Official Python SDK for Alter Vault — credential and authorization layer for apps and AI agents that call third-party APIs.

Tokens stay in the vault. The SDK injects the credential, refreshes it, and writes the audit row — application code only calls vault.request() (or vault.proxy_request() when the backend should make the outgoing call instead of the SDK).

Install

pip install alter-sdk

Requires Python 3.11+.

Quick example

Make an authenticated API call — no token ever touches application code.

import asyncio
from alter_sdk import App, HttpMethod

async def main():
    async with App(api_key="<api-key>") as vault:
        response = await vault.request(
            HttpMethod.POST,
            "https://api.example.com/resource",
            grant_id="<grant-id>",
            json={"example": "payload"},
        )
        print(response.status_code, response.json())

asyncio.run(main())

For a full walkthrough — sign-up, key minting, OAuth — see the Quickstart.

Two runtime modes

The SDK exposes two ways to reach a third-party API:

  • vault.request(...)retrieve mode. The SDK fetches the token from the backend and makes the outgoing call itself. Returns the third-party response.
  • vault.proxy_request(...)proxy mode. The backend holds the token, makes the outgoing call, and returns the result. Application code and the SDK never observe the token.

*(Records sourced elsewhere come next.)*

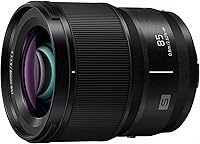 Panasonic Lumix S 85mm F1.8 Lens — image 6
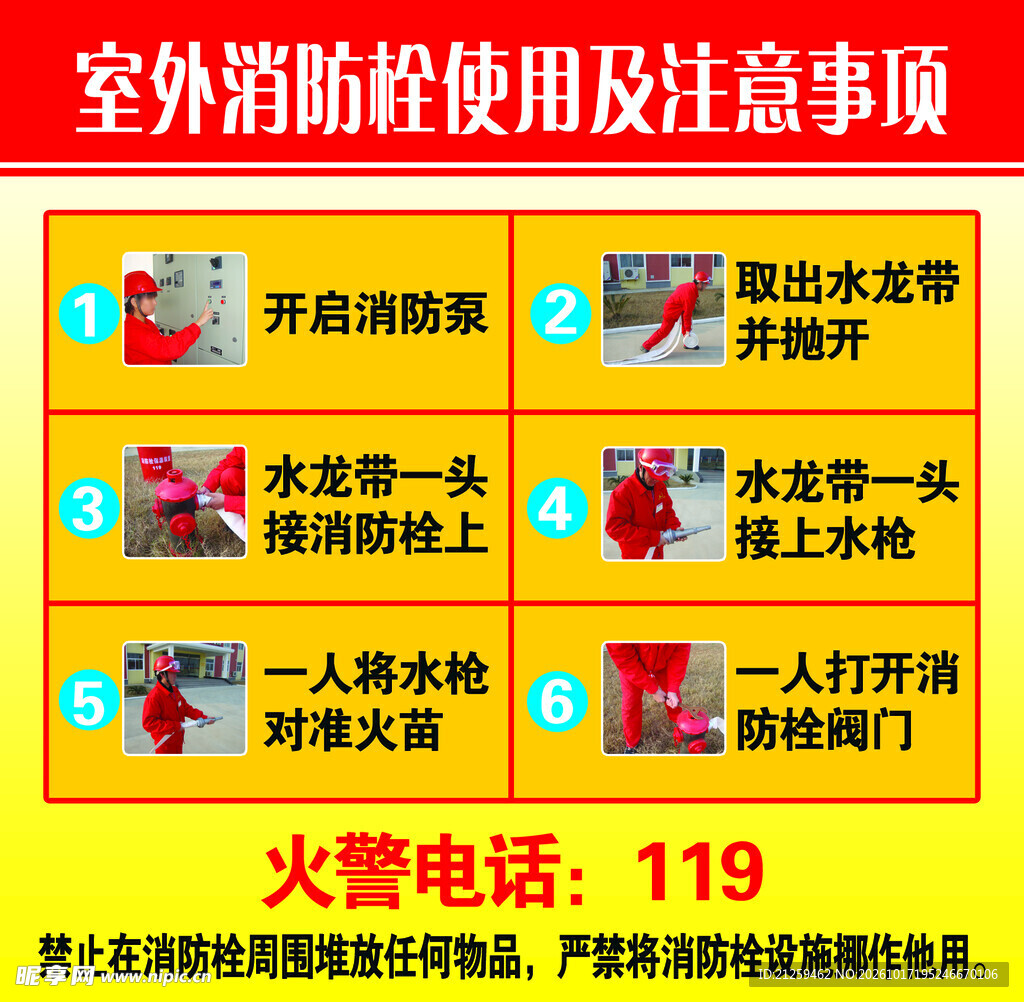 室外消防栓使用注意事项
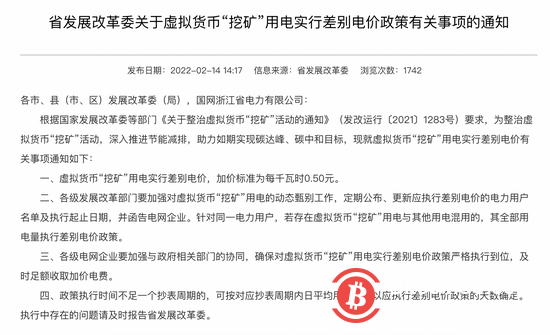 浙江宣布对虚拟货币挖矿用电实行差别电价，加价标准为每千瓦时0.50元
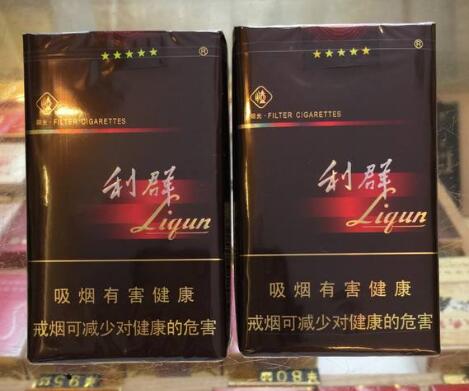 泰山有爆珠的香烟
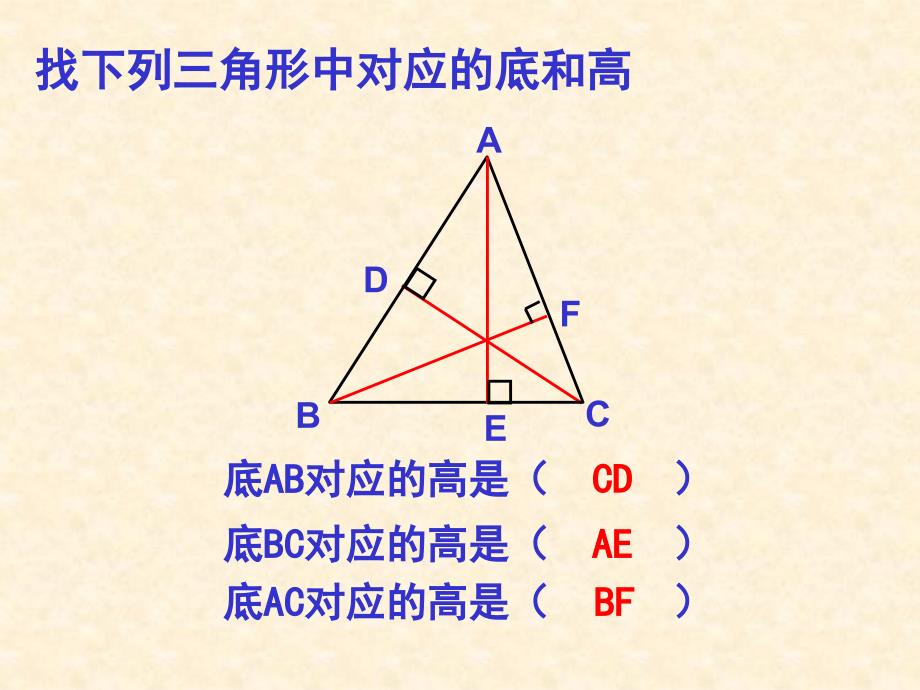 五年级上册数学课件6.2三角形的面积冀教版共16张PPT_第2页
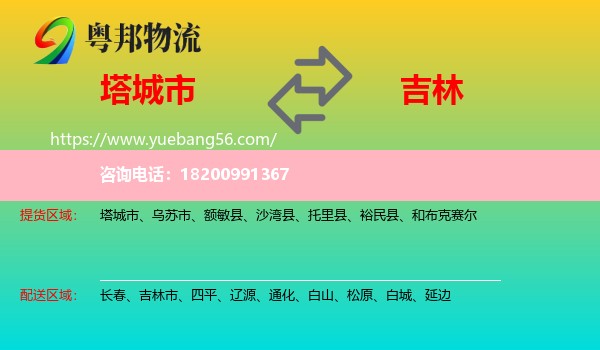 塔城市到吉林物流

Required for any grant configured with human-in-the-loop approval; available for any other grant when wire-level audit, strong token isolation, or backend-side policy enforcement matter.

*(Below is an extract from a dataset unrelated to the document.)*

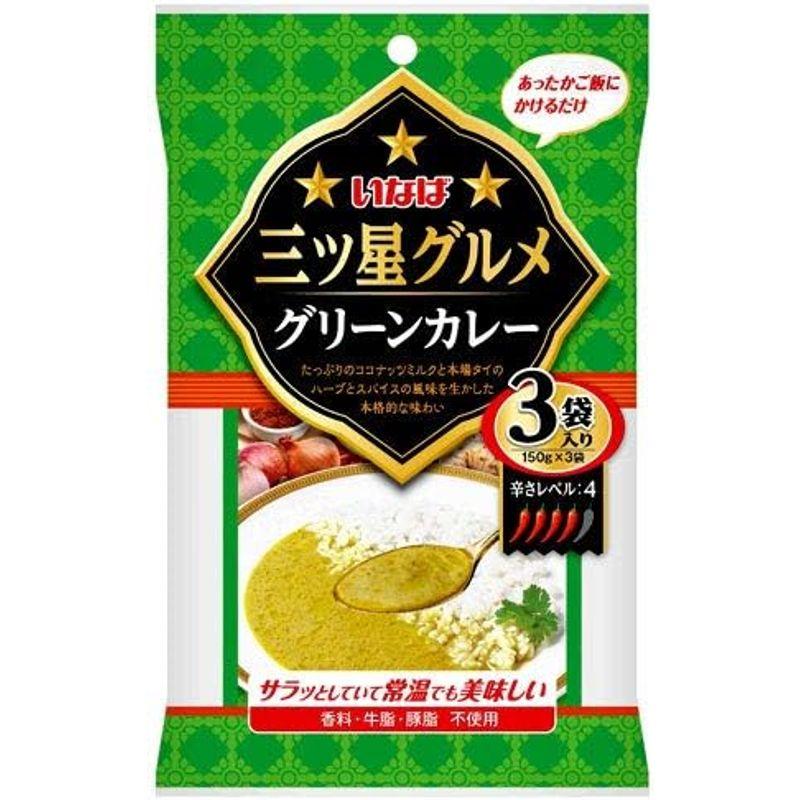 いなば 三ツ星グルメ グリーンカレー 150ｇ×3P×12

See runtime modes for the tradeoffs and when to pick each.

Recovering from missing-grant errors

When a request fails because the user hasn't authorized the provider yet, the SDK exposes recovery context on the typed error so you can drive a re-consent flow without re-deriving anything from the call site:

from alter_sdk import NoDelegatedGrantError

try:
    await vault.request(provider="<provider-id>", user_token=jwt, url=..., method=...)
except NoDelegatedGrantError as e:
    session = await vault.create_connect_session_for_error(
        e,
        allowed_origin="https://app.example.com",
    )
    # Surface session.connect_url to the user — popup, redirect,
    # out-of-band message, whatever your framework does.
    results = await vault.poll_connect_session(session.session_token)
    # Retry with the freshly-minted grant_id.
    response = await vault.request(grant_id=results[0].grant_id, url=..., method=...)

create_connect_session_for_error and poll_connect_session are available on both App and Agent so the catch block can recover from whichever client raised.

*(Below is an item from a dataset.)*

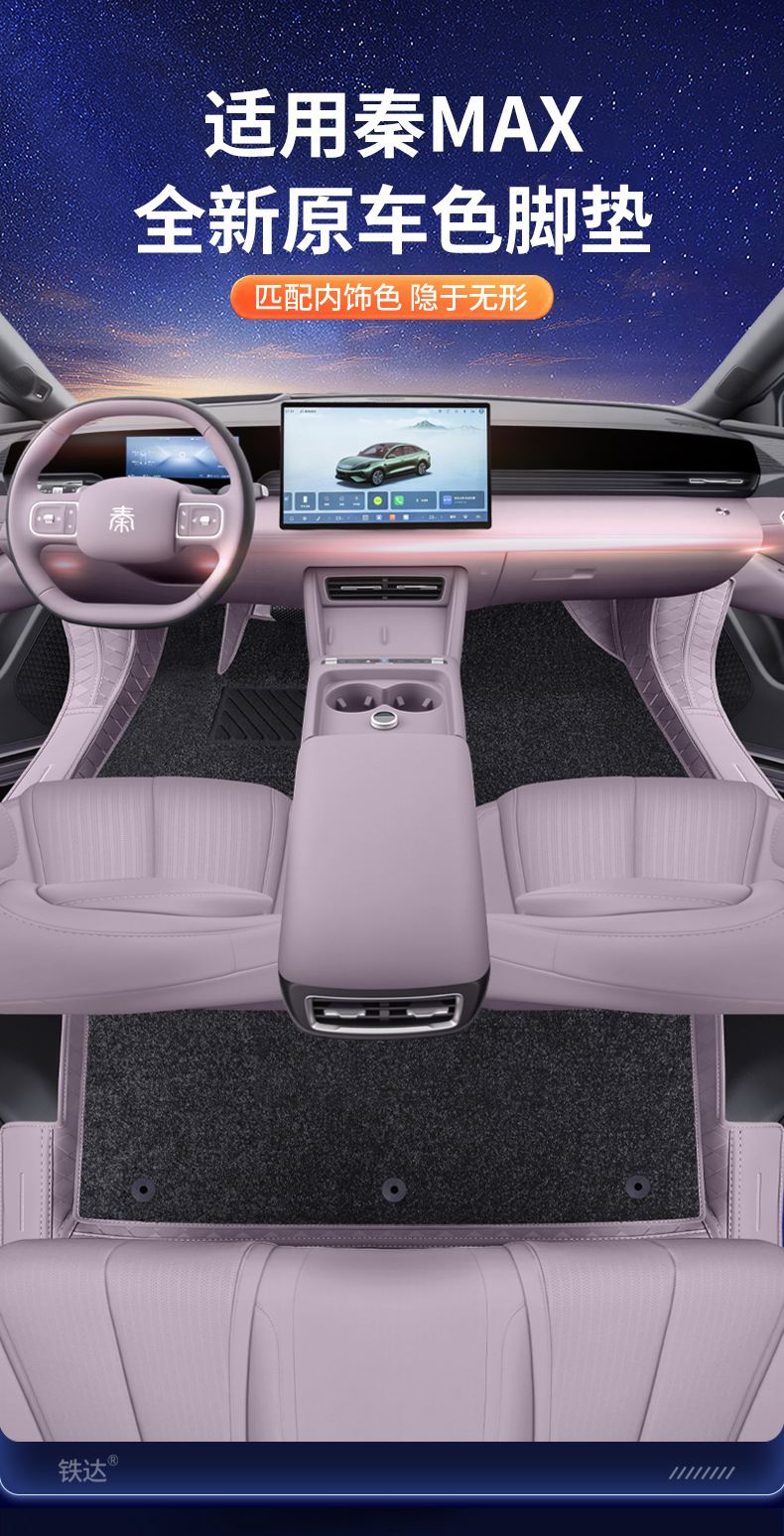 Suitable for 26 models of BYD Qin MAX, custom-made interior carpet mats for Qin MAX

NoDelegatedGrantError and GrantNotFoundError carry provider_id / agent_id / app_user_id recovery context when the original lookup was identity-mode; CredentialRevokedError carries provider_id / app_user_id. See the error reference for the full surface.

Onward delegation (agent to agent)

An agent that holds a grant can hand a scoped-down copy to another agent — without asking the credential owner to consent again. Use agent.delegate() to mint a child grant for the second agent:

from alter_sdk import Agent, GrantNotDelegableError

agent = Agent(api_key="<agent-api-key>")

try:
    result = await agent.delegate(
        "<grant-id>",              # a grant this agent already holds
        "<other-agent-id>",        # the agent that should receive access
        scope_constraint=["chat:write"],   # optional: narrow to fewer scopes
        ttl_seconds=3600,                  # optional: shorten the lifetime
        delegable=False,                   # may the recipient delegate onward? (default no)
    )
    print(result.grant_id, result.depth, result.expires_at)
except GrantNotDelegableError:
    # The held grant was not marked delegable when it was created,
    # so it cannot be passed on. Ask the owner for a delegable grant.
    ...

The held grant must have been created as delegable (chosen at connect time). The child can only narrow — fewer scopes, a shorter lifetime — never widen. A grant narrowed with scope_constraint is proxy-only: call it with agent.proxy_request(...). Onward delegation is opt-in at every hop: pass delegable=True only when the recipient should be allowed to delegate further.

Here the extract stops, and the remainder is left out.